→ What to work on
When copying the entries below, leave out every picture and keep the rest exact.

+ + +

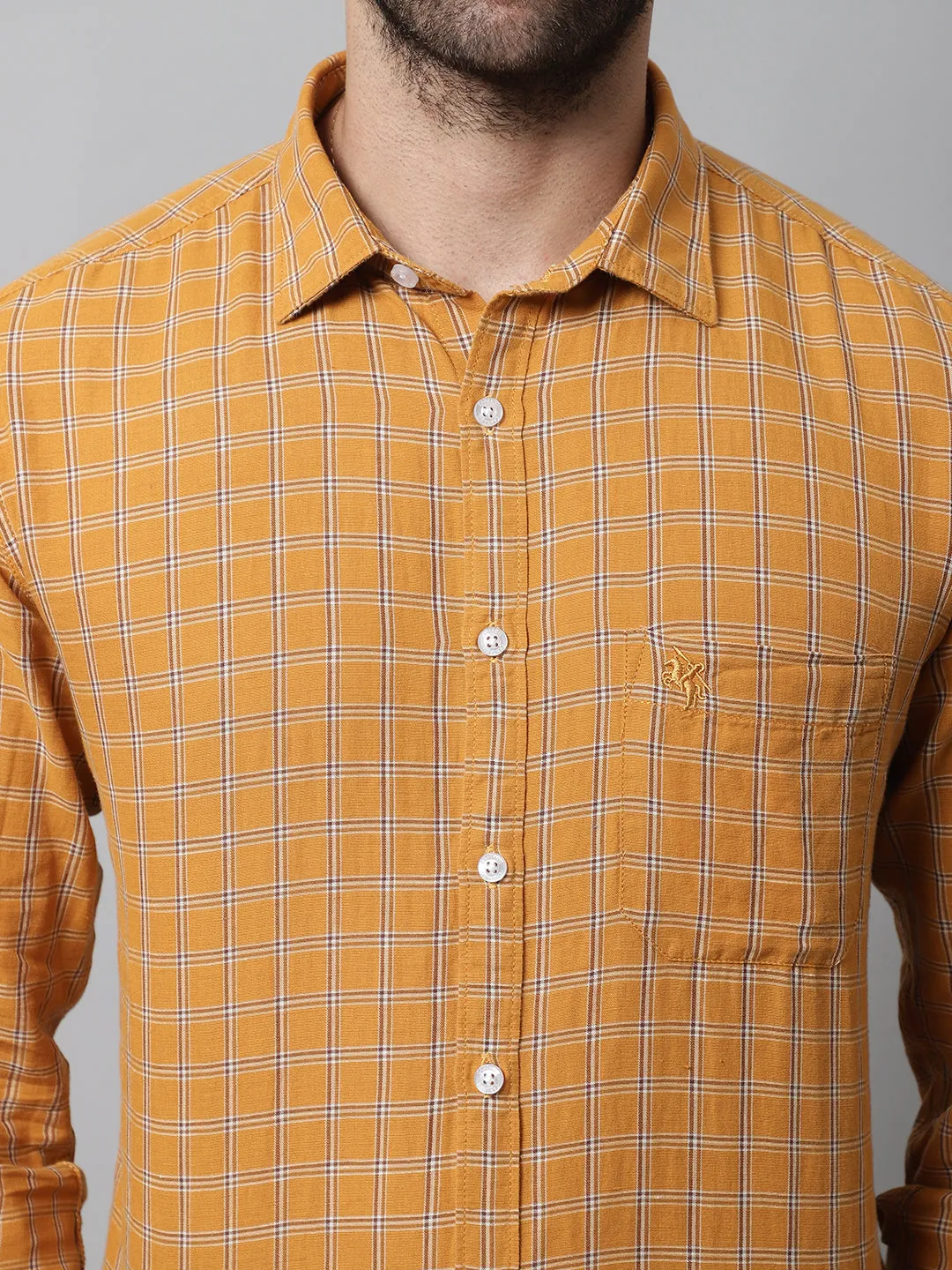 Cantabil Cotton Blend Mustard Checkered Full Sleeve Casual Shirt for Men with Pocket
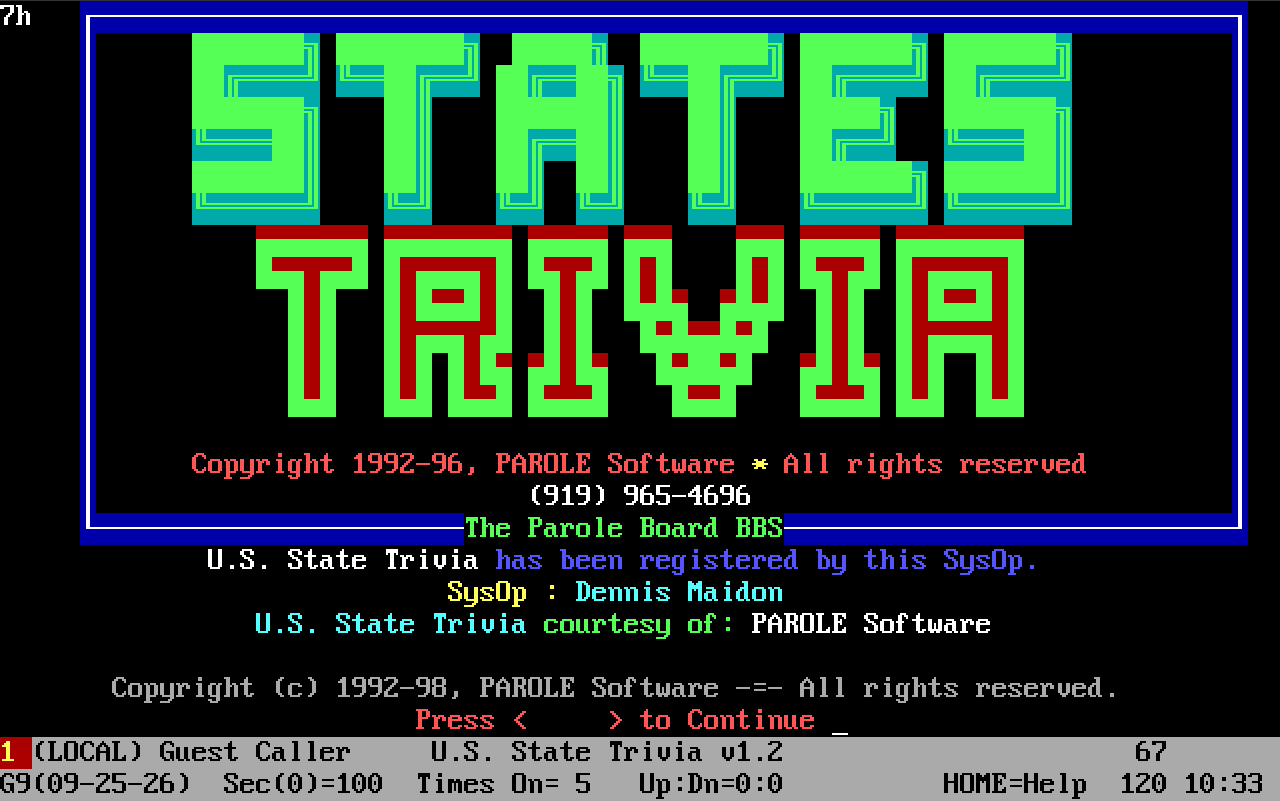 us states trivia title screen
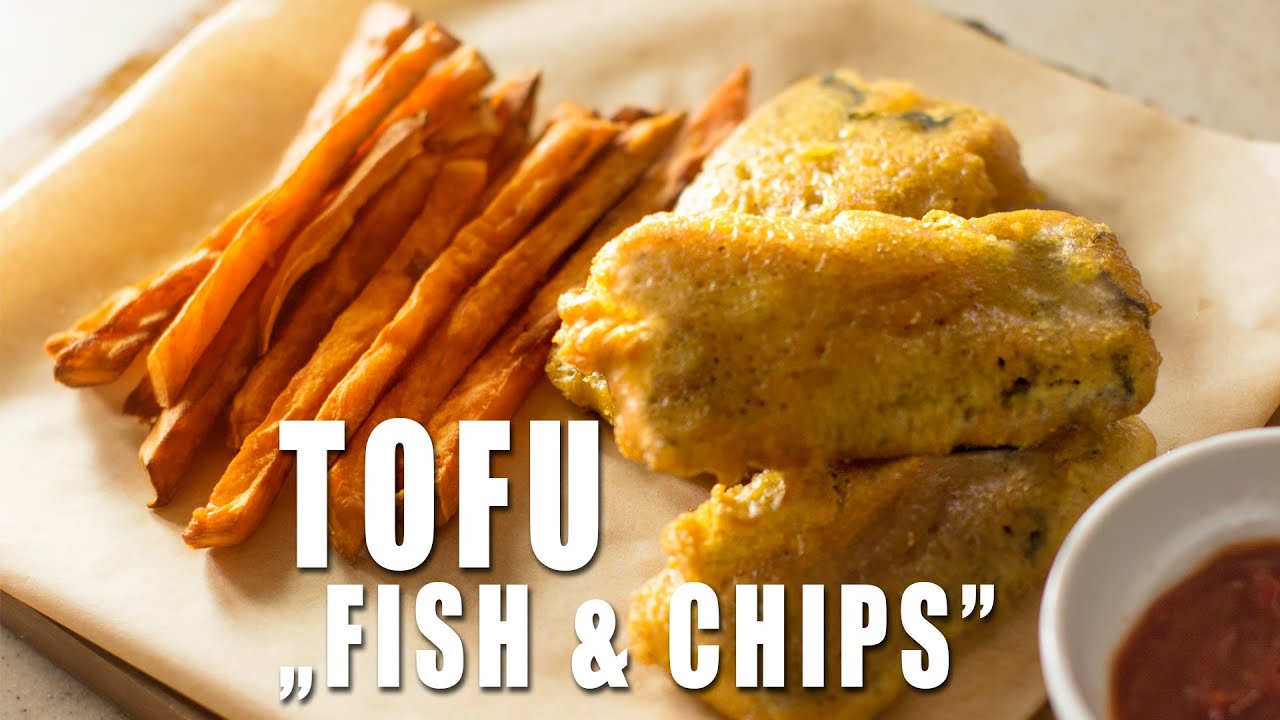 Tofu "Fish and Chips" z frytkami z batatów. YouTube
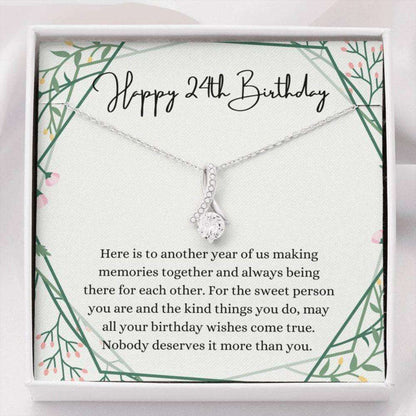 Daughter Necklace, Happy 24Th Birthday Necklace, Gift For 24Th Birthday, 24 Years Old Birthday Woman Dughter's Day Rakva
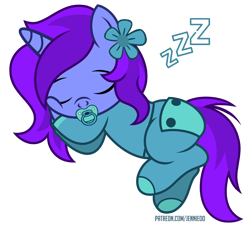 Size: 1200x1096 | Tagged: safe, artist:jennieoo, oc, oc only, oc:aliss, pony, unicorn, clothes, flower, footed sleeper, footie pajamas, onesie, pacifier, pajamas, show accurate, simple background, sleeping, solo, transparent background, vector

+ + +

→ Written answer
 Cantabil Cotton Blend Mustard Checkered Full Sleeve Casual Shirt for Men with Pocket
 us states trivia title screen
 Tofu "Fish and Chips" z frytkami z batatów. YouTube
 Daughter Necklace, Happy 24Th Birthday Necklace, Gift For 24Th Birthday, 24 Years Old Birthday Woman Dughter's Day Rakva
 Size: 1200x1096 | Tagged: safe, artist:jennieoo, oc, oc only, oc:aliss, pony, unicorn, clothes, flower, footed sleeper, footie pajamas, onesie, pacifier, pajamas, show accurate, simple background, sleeping, solo, transparent background, vector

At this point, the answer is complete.